By TOM KIZZIA Anchorage Daily News November 28, 2005
Saying it's a matter of fairness and justice, leaders of Sealaska Corp. and several other regions are preparing a last-minute pitch asking Congress to force the Arctic Slope Regional Corp. to share future oil revenues with other Native corporations. The stakes could involve hundreds of millions of dollars spread among the shareholders of other regions and villages.

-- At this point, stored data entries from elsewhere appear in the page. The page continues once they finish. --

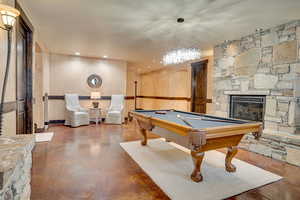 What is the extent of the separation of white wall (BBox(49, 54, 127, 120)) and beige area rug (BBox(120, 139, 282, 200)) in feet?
13.2

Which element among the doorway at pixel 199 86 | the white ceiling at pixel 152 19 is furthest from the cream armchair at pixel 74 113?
the doorway at pixel 199 86

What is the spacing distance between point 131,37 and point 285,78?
3400 mm

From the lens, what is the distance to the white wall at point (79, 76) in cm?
611

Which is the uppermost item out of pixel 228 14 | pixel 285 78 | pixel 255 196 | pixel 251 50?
pixel 228 14

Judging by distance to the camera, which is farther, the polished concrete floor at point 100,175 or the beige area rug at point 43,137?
the beige area rug at point 43,137

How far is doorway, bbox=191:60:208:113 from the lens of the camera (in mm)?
6191

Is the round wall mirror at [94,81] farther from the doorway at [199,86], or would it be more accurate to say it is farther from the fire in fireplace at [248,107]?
the fire in fireplace at [248,107]

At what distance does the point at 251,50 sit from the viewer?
3.80 m

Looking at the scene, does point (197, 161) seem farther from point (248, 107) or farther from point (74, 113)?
point (74, 113)

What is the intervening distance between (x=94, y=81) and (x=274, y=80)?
19.0 feet

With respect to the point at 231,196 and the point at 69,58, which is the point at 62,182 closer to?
the point at 231,196

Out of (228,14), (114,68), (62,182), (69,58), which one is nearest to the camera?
(62,182)

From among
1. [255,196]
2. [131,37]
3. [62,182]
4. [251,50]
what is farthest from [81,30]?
[255,196]

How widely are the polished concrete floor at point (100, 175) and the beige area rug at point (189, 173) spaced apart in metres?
0.11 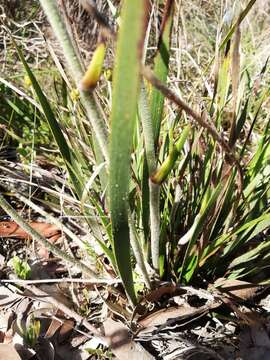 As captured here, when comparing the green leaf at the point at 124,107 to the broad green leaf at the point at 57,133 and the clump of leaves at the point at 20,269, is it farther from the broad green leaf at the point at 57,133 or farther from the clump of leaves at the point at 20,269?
the clump of leaves at the point at 20,269

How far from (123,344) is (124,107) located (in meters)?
0.64

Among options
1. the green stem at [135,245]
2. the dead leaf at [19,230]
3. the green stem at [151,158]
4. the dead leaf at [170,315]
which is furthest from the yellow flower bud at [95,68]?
the dead leaf at [19,230]

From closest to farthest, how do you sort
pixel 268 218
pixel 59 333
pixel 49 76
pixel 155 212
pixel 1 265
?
pixel 155 212, pixel 268 218, pixel 59 333, pixel 1 265, pixel 49 76

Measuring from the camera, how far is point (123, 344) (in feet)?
2.94

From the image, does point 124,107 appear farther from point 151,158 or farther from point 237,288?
point 237,288

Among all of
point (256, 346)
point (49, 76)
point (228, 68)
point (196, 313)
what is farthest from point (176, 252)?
point (49, 76)

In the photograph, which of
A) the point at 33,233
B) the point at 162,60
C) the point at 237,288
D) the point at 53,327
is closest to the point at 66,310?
the point at 53,327

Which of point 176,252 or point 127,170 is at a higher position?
point 127,170

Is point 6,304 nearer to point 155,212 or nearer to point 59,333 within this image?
point 59,333

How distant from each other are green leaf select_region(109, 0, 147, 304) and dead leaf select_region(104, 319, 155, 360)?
34 centimetres

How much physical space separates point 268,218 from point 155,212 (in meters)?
0.25

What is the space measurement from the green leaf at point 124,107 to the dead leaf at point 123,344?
339 mm

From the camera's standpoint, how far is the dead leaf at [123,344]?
88cm

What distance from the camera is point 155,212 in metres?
0.73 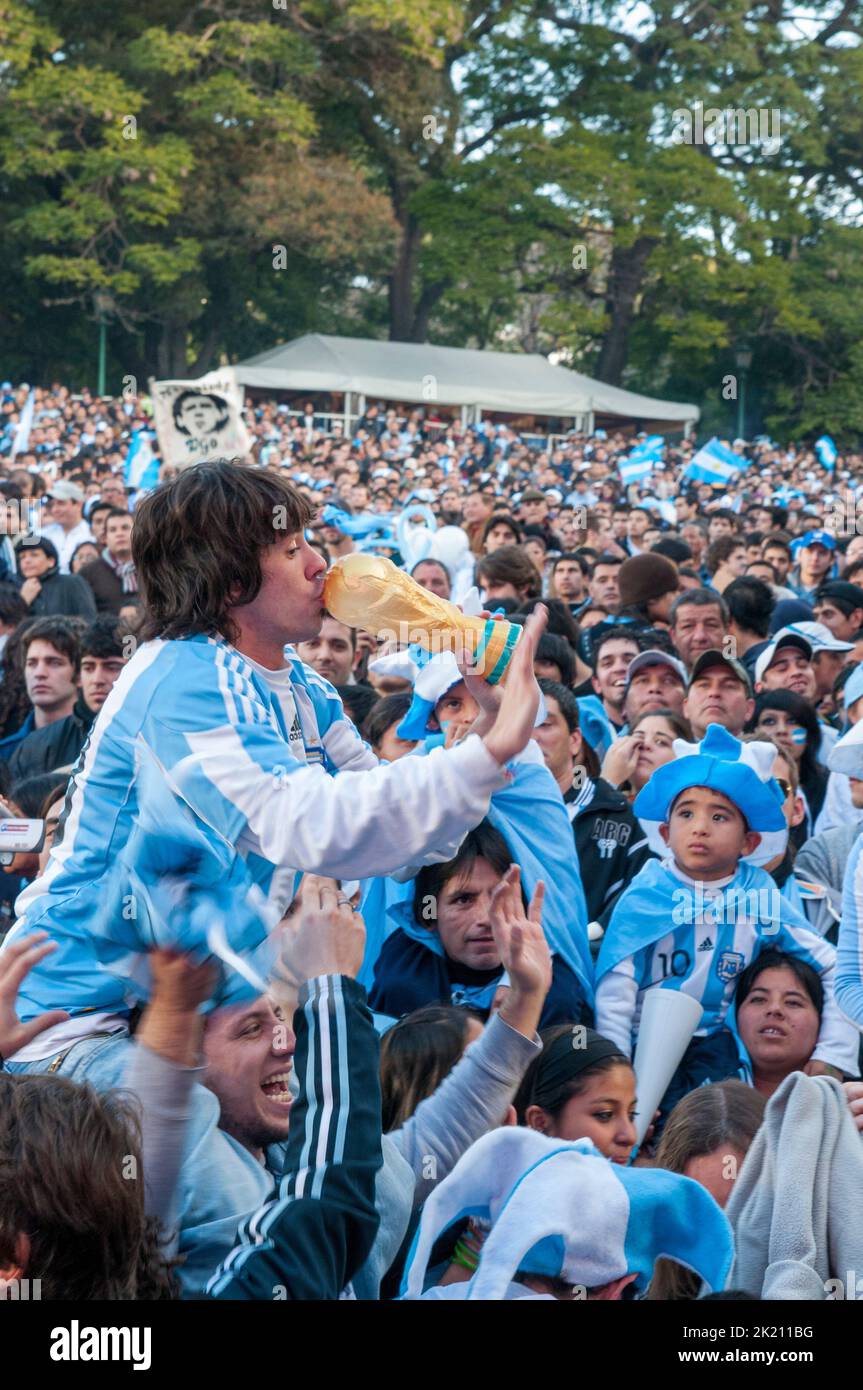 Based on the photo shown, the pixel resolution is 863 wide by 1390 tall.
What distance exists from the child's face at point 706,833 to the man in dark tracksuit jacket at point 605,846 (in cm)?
41

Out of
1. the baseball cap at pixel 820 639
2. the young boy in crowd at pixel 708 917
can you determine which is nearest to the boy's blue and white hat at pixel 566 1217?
the young boy in crowd at pixel 708 917

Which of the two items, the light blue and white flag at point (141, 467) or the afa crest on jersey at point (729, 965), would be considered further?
the light blue and white flag at point (141, 467)

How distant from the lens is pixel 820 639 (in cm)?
712

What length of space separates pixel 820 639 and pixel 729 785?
2.96m

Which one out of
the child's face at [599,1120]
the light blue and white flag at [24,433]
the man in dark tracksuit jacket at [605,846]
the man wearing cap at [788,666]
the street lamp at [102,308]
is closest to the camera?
the child's face at [599,1120]

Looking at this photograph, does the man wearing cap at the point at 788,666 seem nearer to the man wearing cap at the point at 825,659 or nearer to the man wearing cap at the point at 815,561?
the man wearing cap at the point at 825,659

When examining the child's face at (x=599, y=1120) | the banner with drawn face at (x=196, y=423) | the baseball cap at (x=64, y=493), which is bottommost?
the child's face at (x=599, y=1120)

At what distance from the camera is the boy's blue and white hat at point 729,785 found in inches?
170

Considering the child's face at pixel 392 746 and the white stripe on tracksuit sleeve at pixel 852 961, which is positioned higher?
the child's face at pixel 392 746

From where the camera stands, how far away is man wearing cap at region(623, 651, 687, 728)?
5910 mm

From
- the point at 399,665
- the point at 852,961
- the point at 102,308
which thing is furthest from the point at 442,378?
the point at 852,961

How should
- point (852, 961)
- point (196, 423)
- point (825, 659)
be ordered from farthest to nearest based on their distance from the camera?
point (196, 423) < point (825, 659) < point (852, 961)

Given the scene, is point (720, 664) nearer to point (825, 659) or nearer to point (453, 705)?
point (825, 659) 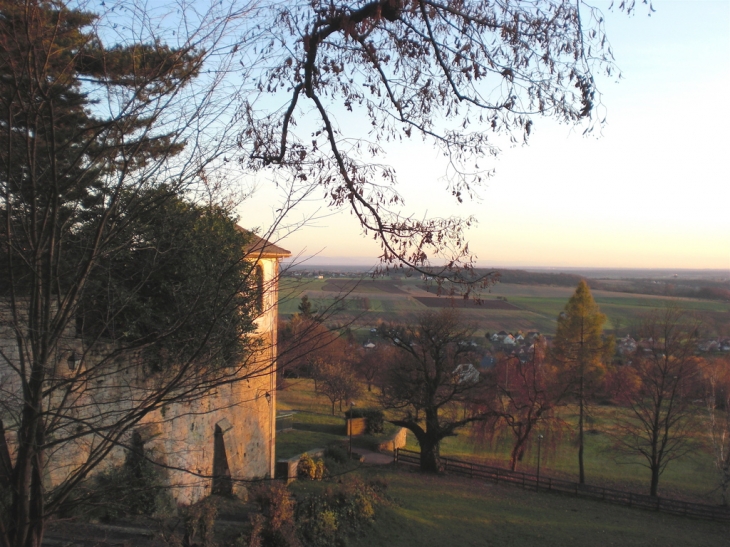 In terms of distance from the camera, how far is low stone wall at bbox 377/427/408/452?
1003 inches

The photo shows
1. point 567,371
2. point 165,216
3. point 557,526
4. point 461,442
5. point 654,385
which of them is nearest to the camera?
point 165,216

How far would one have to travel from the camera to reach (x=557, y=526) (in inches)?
633

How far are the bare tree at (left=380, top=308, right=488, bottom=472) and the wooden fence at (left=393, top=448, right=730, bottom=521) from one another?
4.32 ft

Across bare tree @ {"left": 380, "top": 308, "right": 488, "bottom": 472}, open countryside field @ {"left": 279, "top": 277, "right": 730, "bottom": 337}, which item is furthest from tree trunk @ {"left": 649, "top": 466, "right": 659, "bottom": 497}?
open countryside field @ {"left": 279, "top": 277, "right": 730, "bottom": 337}

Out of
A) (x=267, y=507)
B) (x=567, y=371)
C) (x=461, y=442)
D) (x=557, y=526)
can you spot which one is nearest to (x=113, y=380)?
(x=267, y=507)

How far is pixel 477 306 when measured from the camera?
4527 mm

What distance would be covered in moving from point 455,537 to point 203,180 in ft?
40.6

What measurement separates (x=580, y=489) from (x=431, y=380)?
7449 mm

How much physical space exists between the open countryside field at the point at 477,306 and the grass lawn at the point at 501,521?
17.3 feet

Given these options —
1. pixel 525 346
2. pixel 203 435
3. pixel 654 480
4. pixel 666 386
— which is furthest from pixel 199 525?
pixel 525 346

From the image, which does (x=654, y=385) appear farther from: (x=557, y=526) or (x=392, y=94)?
(x=392, y=94)

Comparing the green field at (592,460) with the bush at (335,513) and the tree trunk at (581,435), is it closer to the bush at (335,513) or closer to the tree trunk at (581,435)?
the tree trunk at (581,435)

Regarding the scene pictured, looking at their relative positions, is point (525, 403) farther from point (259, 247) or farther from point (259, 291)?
point (259, 291)

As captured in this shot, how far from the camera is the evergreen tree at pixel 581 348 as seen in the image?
25.1 meters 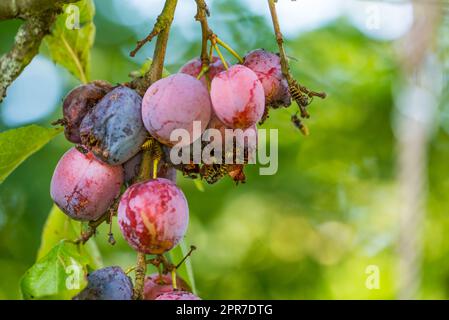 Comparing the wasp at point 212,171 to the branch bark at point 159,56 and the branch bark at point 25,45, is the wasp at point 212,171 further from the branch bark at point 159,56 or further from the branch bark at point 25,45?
the branch bark at point 25,45

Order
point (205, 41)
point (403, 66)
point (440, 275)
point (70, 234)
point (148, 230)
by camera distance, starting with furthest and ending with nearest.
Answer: point (440, 275) < point (403, 66) < point (70, 234) < point (205, 41) < point (148, 230)

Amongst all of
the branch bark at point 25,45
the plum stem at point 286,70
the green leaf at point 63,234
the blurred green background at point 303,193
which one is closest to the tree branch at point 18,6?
the branch bark at point 25,45

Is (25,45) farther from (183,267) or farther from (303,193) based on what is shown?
(303,193)

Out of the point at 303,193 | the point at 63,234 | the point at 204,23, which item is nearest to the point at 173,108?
the point at 204,23

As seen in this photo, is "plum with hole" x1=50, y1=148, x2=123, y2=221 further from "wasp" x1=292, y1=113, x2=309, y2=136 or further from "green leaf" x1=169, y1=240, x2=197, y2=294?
"wasp" x1=292, y1=113, x2=309, y2=136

Barrow-based ASRC received exclusive subsurface rights in the Arctic refuge's coastal plain under a 1983 land trade. The deal relieved the company from the usual revenue-sharing rules that govern Native corporation resources. The dispute threatened to erupt last month at the Alaska Federation of Natives convention in Fairbanks. Many delegates said they were surprised to learn that ASRC was the only corporation likely to earn big money from oil and gas development in the refuge. But a resolution calling for change was withdrawn to maintain public unity and not disrupt delicate political negotiations in Washington over ANWR drilling in Washington. Now individual Native corporations are moving ahead on their own. Sealaska president Chris McNeil issued a letter recently urging other regions to join his in asking Congress to make ANWR development subject to the 7(i) revenue-sharing provisions of the original Alaska Native Claims Settlement Act. "ASRC's failure to share 7(i) revenues from its ANWR subsurface is patently unfair and unjust to all of the other Regional and Village corporations," McNeil wrote. Leaders of two other regional corporations, Ahtna Inc. and Calista Corp., said Friday that they are ready to join Sealaska's effort. ASRC says it obtained the exclusive oil rights legally under rules upheld by binding arbitration in 1989. The company says legislation forcing it to give up some of its future revenues would amount to a "taking" by Congress - requiring compensation for the loss from the federal government. ASRC chief operating officer Mark Kroloff said Friday that opening the refuge to oil drilling can help the entire state and public energies should be directed at that goal. "I don't know if muddying the waters will be hurtful. But it can't be helpful," Kroloff said. A move this fall by Alaska's congressional delegation to open ANWR to drilling as part of the federal budget package proved unexpectedly controversial in the House of Representatives. Moderate Republicans refused to pass the bill if ANWR was in it, and the bill only squeaked through the House once ANWR was removed. The drilling measure now hangs by a thread as negotiators try to craft a final version of the budget that can pass both the House and the Senate.